→ **DATA TO EXAMINE**
————

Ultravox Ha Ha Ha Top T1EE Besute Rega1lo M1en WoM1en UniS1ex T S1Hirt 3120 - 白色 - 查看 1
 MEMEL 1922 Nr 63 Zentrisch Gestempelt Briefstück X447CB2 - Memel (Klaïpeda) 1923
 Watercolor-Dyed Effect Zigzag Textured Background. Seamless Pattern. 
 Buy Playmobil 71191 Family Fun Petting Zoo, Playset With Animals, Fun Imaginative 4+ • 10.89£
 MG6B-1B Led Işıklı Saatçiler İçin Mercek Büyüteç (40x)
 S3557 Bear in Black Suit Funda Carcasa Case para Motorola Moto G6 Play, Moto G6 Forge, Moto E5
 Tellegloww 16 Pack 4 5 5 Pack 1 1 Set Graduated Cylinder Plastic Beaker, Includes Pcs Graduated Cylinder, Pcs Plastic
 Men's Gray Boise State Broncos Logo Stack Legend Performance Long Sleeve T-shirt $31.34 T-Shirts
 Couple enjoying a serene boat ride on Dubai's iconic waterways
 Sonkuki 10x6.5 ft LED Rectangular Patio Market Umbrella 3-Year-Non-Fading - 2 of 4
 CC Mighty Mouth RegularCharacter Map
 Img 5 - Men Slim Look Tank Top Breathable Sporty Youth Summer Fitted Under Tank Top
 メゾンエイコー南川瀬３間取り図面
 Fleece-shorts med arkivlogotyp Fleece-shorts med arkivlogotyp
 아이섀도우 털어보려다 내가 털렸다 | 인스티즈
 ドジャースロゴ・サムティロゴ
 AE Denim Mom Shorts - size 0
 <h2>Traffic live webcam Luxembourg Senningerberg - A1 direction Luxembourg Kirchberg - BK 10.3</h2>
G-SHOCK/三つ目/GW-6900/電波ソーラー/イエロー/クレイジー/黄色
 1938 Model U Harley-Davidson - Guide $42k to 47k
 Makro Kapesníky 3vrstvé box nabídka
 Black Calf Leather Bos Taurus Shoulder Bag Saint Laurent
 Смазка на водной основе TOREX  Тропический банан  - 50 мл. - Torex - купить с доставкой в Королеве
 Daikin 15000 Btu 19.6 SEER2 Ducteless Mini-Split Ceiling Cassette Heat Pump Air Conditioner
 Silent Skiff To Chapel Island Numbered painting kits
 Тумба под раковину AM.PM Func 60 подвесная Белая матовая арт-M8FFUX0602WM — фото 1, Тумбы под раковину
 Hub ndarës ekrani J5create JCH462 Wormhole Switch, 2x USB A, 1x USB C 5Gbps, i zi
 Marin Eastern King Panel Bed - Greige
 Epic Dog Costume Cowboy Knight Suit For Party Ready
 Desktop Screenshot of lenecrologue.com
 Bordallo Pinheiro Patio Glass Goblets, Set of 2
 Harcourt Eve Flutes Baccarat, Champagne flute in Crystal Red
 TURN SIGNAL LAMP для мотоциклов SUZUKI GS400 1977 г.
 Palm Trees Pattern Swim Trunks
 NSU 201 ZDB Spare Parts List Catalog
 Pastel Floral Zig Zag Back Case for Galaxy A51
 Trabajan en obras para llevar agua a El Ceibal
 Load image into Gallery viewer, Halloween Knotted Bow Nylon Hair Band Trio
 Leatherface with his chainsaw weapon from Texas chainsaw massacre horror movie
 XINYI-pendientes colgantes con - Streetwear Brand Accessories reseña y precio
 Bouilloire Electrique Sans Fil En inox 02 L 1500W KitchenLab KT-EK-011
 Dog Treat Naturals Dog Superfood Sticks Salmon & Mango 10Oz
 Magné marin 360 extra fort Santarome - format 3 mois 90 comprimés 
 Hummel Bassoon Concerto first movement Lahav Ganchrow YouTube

————

Repeat exactly the lines of the data from the first one through the line with "Hub ndarës ekrani", both of them included.

→ **ANSWER TO THIS TASK**
Ultravox Ha Ha Ha Top T1EE Besute Rega1lo M1en WoM1en UniS1ex T S1Hirt 3120 - 白色 - 查看 1
 MEMEL 1922 Nr 63 Zentrisch Gestempelt Briefstück X447CB2 - Memel (Klaïpeda) 1923
 Watercolor-Dyed Effect Zigzag Textured Background. Seamless Pattern. 
 Buy Playmobil 71191 Family Fun Petting Zoo, Playset With Animals, Fun Imaginative 4+ • 10.89£
 MG6B-1B Led Işıklı Saatçiler İçin Mercek Büyüteç (40x)
 S3557 Bear in Black Suit Funda Carcasa Case para Motorola Moto G6 Play, Moto G6 Forge, Moto E5
 Tellegloww 16 Pack 4 5 5 Pack 1 1 Set Graduated Cylinder Plastic Beaker, Includes Pcs Graduated Cylinder, Pcs Plastic
 Men's Gray Boise State Broncos Logo Stack Legend Performance Long Sleeve T-shirt $31.34 T-Shirts
 Couple enjoying a serene boat ride on Dubai's iconic waterways
 Sonkuki 10x6.5 ft LED Rectangular Patio Market Umbrella 3-Year-Non-Fading - 2 of 4
 CC Mighty Mouth RegularCharacter Map
 Img 5 - Men Slim Look Tank Top Breathable Sporty Youth Summer Fitted Under Tank Top
 メゾンエイコー南川瀬３間取り図面
 Fleece-shorts med arkivlogotyp Fleece-shorts med arkivlogotyp
 아이섀도우 털어보려다 내가 털렸다 | 인스티즈
 ドジャースロゴ・サムティロゴ
 AE Denim Mom Shorts - size 0
 <h2>Traffic live webcam Luxembourg Senningerberg - A1 direction Luxembourg Kirchberg - BK 10.3</h2>
G-SHOCK/三つ目/GW-6900/電波ソーラー/イエロー/クレイジー/黄色
 1938 Model U Harley-Davidson - Guide $42k to 47k
 Makro Kapesníky 3vrstvé box nabídka
 Black Calf Leather Bos Taurus Shoulder Bag Saint Laurent
 Смазка на водной основе TOREX  Тропический банан  - 50 мл. - Torex - купить с доставкой в Королеве
 Daikin 15000 Btu 19.6 SEER2 Ducteless Mini-Split Ceiling Cassette Heat Pump Air Conditioner
 Silent Skiff To Chapel Island Numbered painting kits
 Тумба под раковину AM.PM Func 60 подвесная Белая матовая арт-M8FFUX0602WM — фото 1, Тумбы под раковину
 Hub ndarës ekrani J5create JCH462 Wormhole Switch, 2x USB A, 1x USB C 5Gbps, i zi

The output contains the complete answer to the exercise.